(GOAL OF THE EXERCISE)
Repeat exactly the lines of the records below, starting at the line containing "Painted Sky Designs" and ending at the line containing "Women's Linen Two". Leave the pictures out.

(SUPPLIED MATERIAL)
=== Begin Enclosure ===

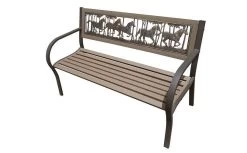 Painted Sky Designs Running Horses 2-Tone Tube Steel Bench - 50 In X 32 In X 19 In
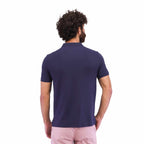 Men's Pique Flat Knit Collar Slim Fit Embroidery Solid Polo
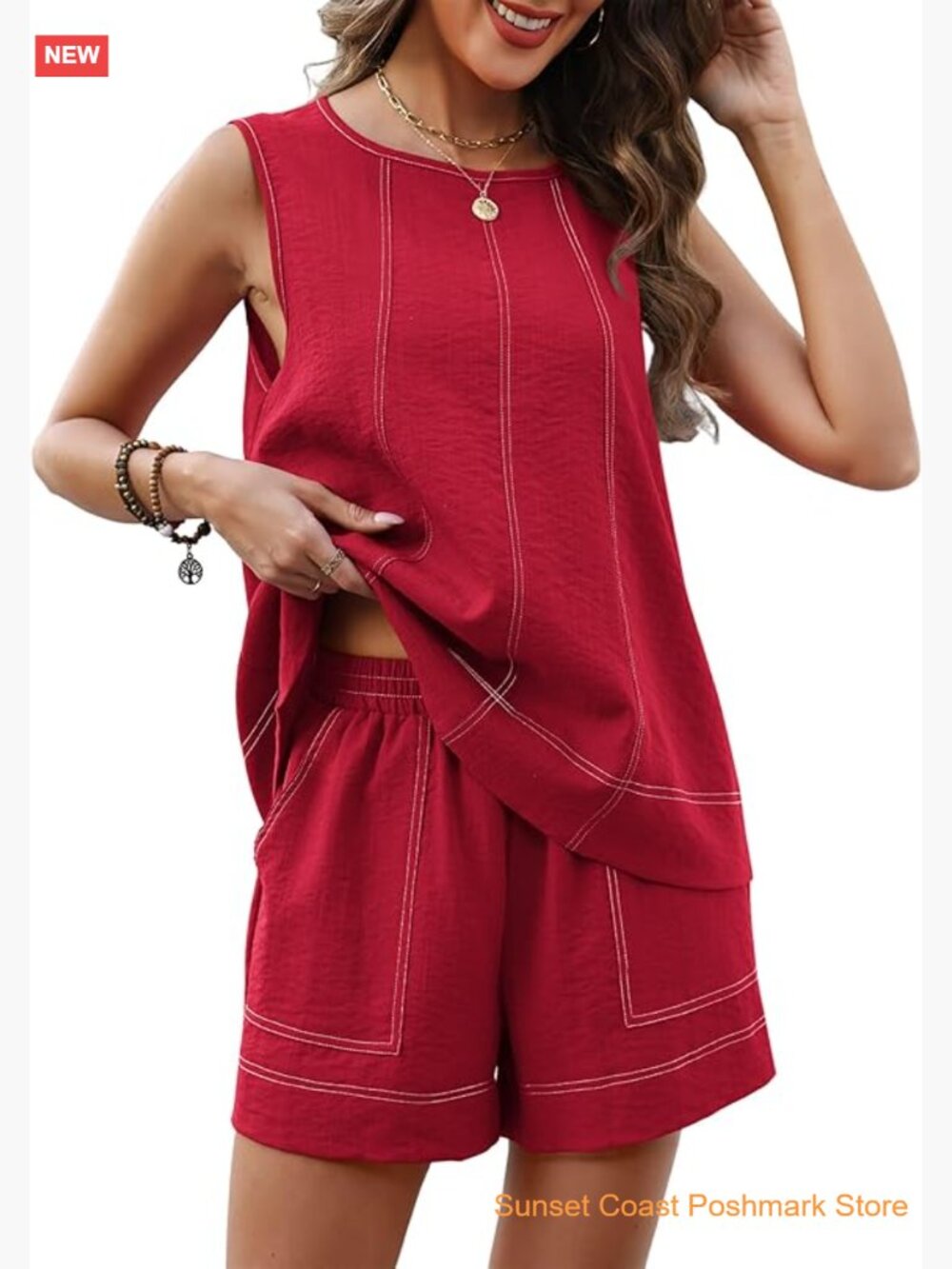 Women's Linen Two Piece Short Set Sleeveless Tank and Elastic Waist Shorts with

=== End Enclosure ===
=== Begin Enclosure ===

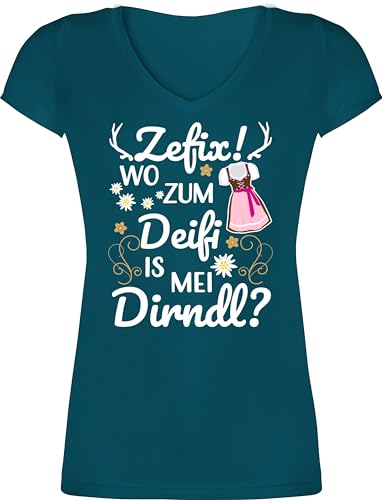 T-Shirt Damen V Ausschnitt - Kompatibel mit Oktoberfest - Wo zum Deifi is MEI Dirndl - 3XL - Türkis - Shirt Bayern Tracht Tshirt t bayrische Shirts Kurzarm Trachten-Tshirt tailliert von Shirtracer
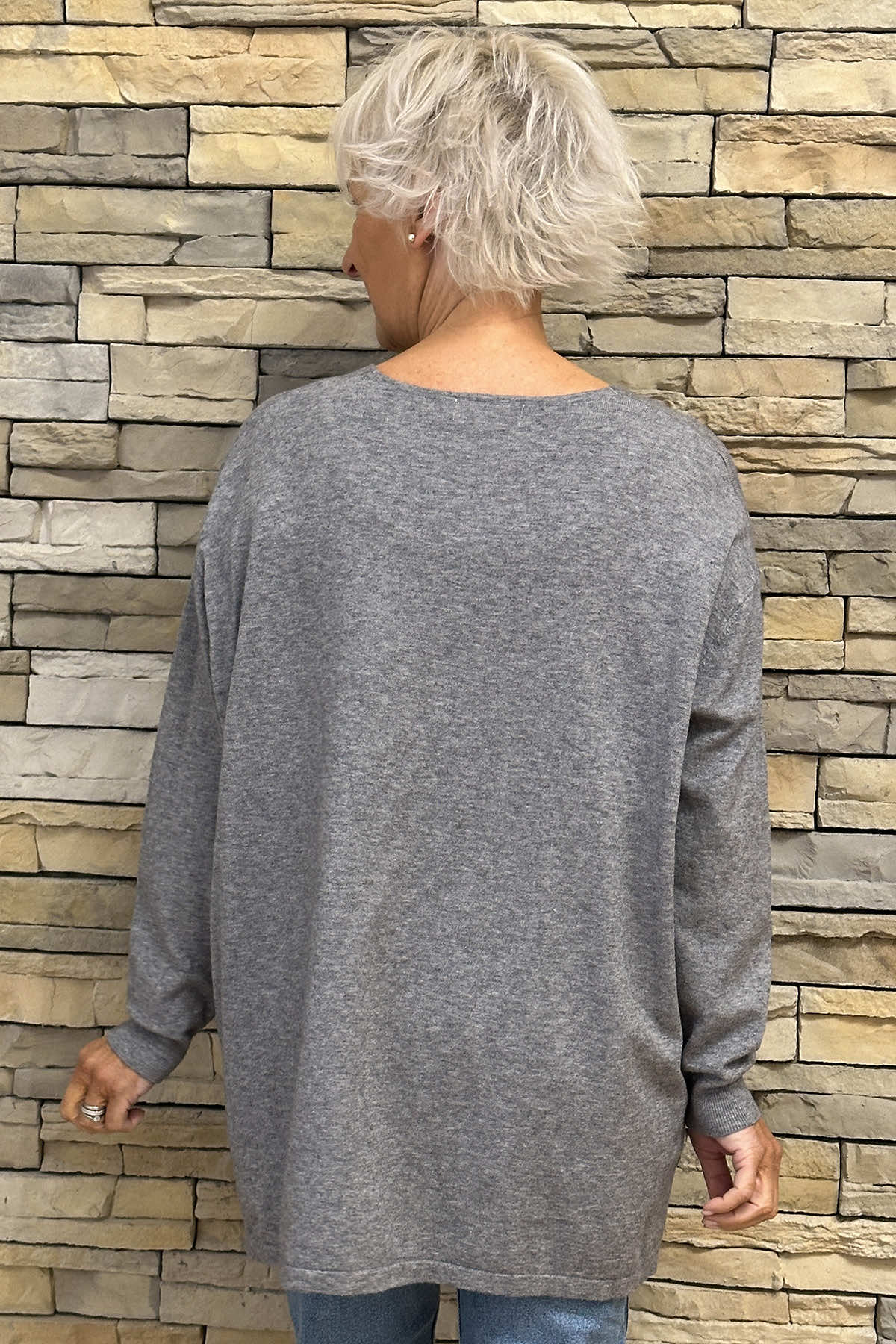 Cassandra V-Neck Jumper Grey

=== End Enclosure ===

(REPLY)
 Painted Sky Designs Running Horses 2-Tone Tube Steel Bench - 50 In X 32 In X 19 In
 Men's Pique Flat Knit Collar Slim Fit Embroidery Solid Polo
 Women's Linen Two Piece Short Set Sleeveless Tank and Elastic Waist Shorts with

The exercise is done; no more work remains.